The one thing that was confounding was that in the days leading up to the scheduled appointment time, no one had been able to tell us exactly where to go. “St. Joseph Medical Center” was the only information as to the location. Even in the official email confirming the appointment, it only said “St. Joseph Medical Center.”
“St. Joseph Medical Center” is a huge complex. One person said they thought “only the ER entrance was open so it must be there.”
I had called the hospital and they refuse to take calls to answer any questions about COVID-19 and only refer people to their website, which does not include the location of where the vaccinations are being given.
I also wrote in through the “MyChart” portal to inquire and received a templated response that was completely useless. It included two phone numbers to call and neither of those were answered by humans and each of them also only referred callers to their website for information. Sigh…
After I had called both numbers to no avail, I wrote a reply back to the templated response I had received to my initial inquiry. I did not expect a response. But I received one. It was the same template as the original one with a line of original text added to it explaining that the employee responding works at a remote location and doesn’t know the answer.
This morning, we headed out almost an hour early ahead of our appointed time.
Indeed, there was a sign out on 19th Street at the ER entrance indicating that the COVID-19 Vaccination Clinic was there. Hooray!
We turned in at the ER entrance and thankfully there was one parking spot available at the far end of the lot. When we made it over to the ER entrance, we were greeted by another sign that said “No COVID-19 Vaccinations Here”. What?!?
Beyond that there was yet another sign showing the layout of the hospital campus and the street address of the building where the vaccine clinic was actually being conducted.
We drove to that location – several blocks away – and then found a handicapped parking space in the back lot across the street from the medical center and hoofed it back across the street to the hospital building.
As we approached the hospital entrance, we noticed people coming out doing the ‘Happy Dance’ and posing for pictures with a wallet card in their hands.
Once inside, we followed the circuitous route around the hallways (marked by blue tape on the floor with demarcations every six feet to maintain social distancing) until we had followed the ‘yellow brick road’ (in this case ‘blue’) to where there was a herd of people waiting. (Maybe that’s what ‘herd immunity’ is all about?!?)
There was one man we encountered on the way in, who was following the blue line, but going against the arrows, and he appeared to be like a charging, angry bull. We could only surmise that after he had gotten all the way into the vaccination area he had been turned away for some reason, perhaps not having an appointment. But he would mow down anyone on the blue line in his exit path, if you didn’t get out of his way.

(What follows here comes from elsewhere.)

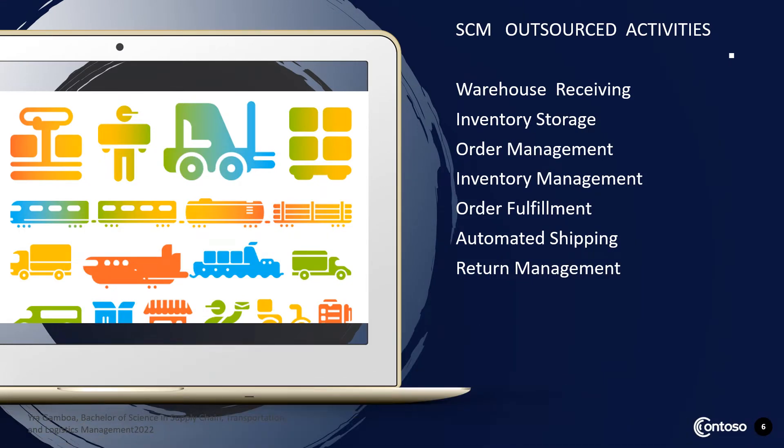What are the supply chain management outsourced activities? They are as follows: warehouse receiving, inventory storage, order management, inventory management, order fulfillment, automated shipping, and return management.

Once we had safely navigated the path, the serious waiting began…and the distribution of clipboards…paperwork…screening questions…and the “clean pens” (so we were informed) …and then at last into the room with eight computer work stations where nurses and their assistants were administering the injections and scheduling the follow-up second vaccinations.
The ‘shots’ / ‘jabs’ were absolutely painless. (Even less painful than insulin syringes!)
The nurse was pleasant and professional. It’s your choice whether you want the injection in your upper right or left arm in the deltoid muscle (near the shoulder joint).
We were given cards with our follow-up appointments and the record of our first injections.
After that we were sent to a huge Observation Room with chairs spaced six feet apart in which to sit and wait for 15 minutes in case any untoward allergic reactions or symptoms were to develop. The staff in that room also handed out bottles of Nestle’s water to anyone, who wanted one. That was a nice touch.
Once the 15 minutes were up, we were on our way. Charles was off to dialysis and I was on my way home for a nap. No ill effects from the vaccine, just drained from the process…
I am doing the ‘Happy Dance’ in my heart that we are among the fortunate ones who have secured our first dose of the vaccine now and are scheduled for the second one. At least on Round Two, we’ll know where to go.
But it boggles my mind why the communication on the part of a mega healthcare system, which until a couple of months ago was St. Joseph Hospital, part of CHI Franciscan Health, but after the recent merger of the two healthcare systems is now Virginia Mason Franciscan Health, is so poor as to create a daunting juggernaut for people – seniors in particular — to receive simple, clear communication about where they can receive their COVID-19 vaccinations.
The views expressed in this article are the writer’s own.